If linux doesn't have what you need, it's 100% fine!

Linux is here for people willing to stop depending on proprietary mono-platform driven stacks

The world is moving, you'll be left behind, if not already

Developpers already moved with it, what's left are the old "ms" office people! the modern ones use gmail suite


Looks terrific. I have actually not needed to use Wine for so long due to the proliferation of web software and cross platform applications but perhaps if I were to play games!


Yes, this would be great for gaming, but I personally play almost all of the games from Steam. I even add shortcuts to native Linux non-steam games to Steam library, so all of them would stay in one place.

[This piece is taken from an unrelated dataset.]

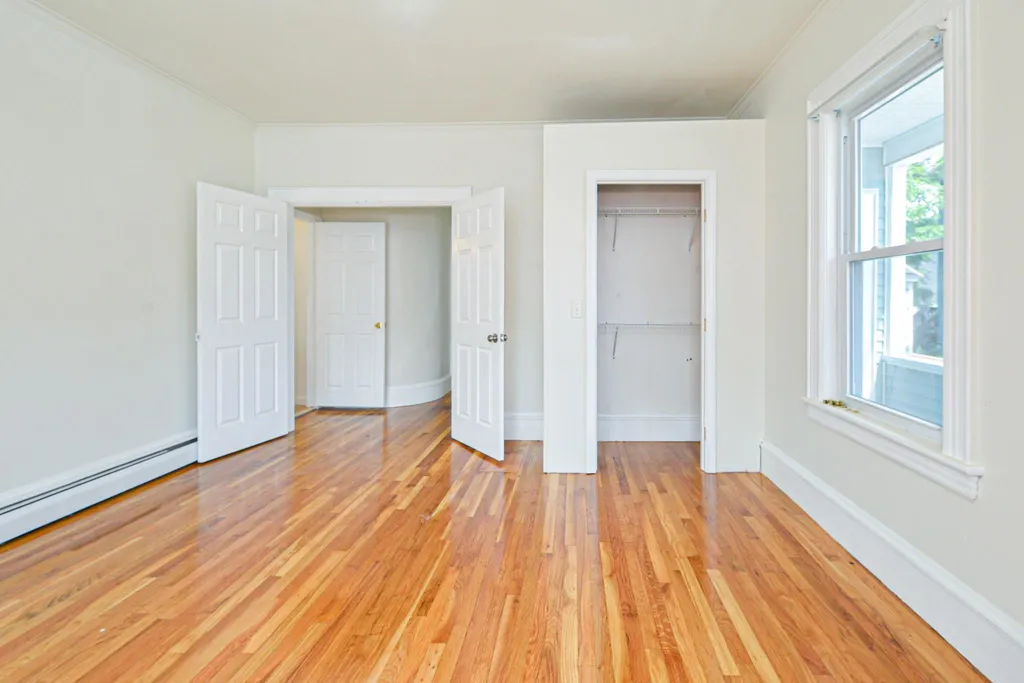 43 Kinsley Street Nashua NH 03060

I just wanna ask if i download ubisoft connect (gaming service) or epic game launcher, using this app, would it be easily to run? btw, I'm using linux mint.


I wonder if this will work for running Java GUI scientific apps (Gephi, Concept Explorer) that are pretty much impossible to get running correctly on Linux.

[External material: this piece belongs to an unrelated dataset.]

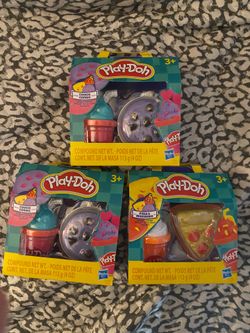 PLAY-DOUGH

You mean, “impossible to get running correctly anywhere”?

(The problem with running Java apps is that they are tied to a range of versions of JRE, like, for instance, version 8 or earlier.)


Where's the run-MacOS-apps-on-Linux equivalent?


It's called Darling, apparently it works well for most Terminal apps while support for GUI apps is still limited at the moment

https://www.darlinghq.org/

https://github.com/darlinghq/darling


What interesting macOS-only terminal apps should I try with Darling?


I haven't tried it so take this with a grain of salt, but it seems that terminal-only apps are supported fairly well. I see from the docs that you can even use Brew from inside Darling.


Yeah, the thing is that I don't know any CLI programs that are exclusive to macOS and might be useful to run on Linux. That's what I was asking about


If you need Windows software, why not just run Windows? Why make life more difficult?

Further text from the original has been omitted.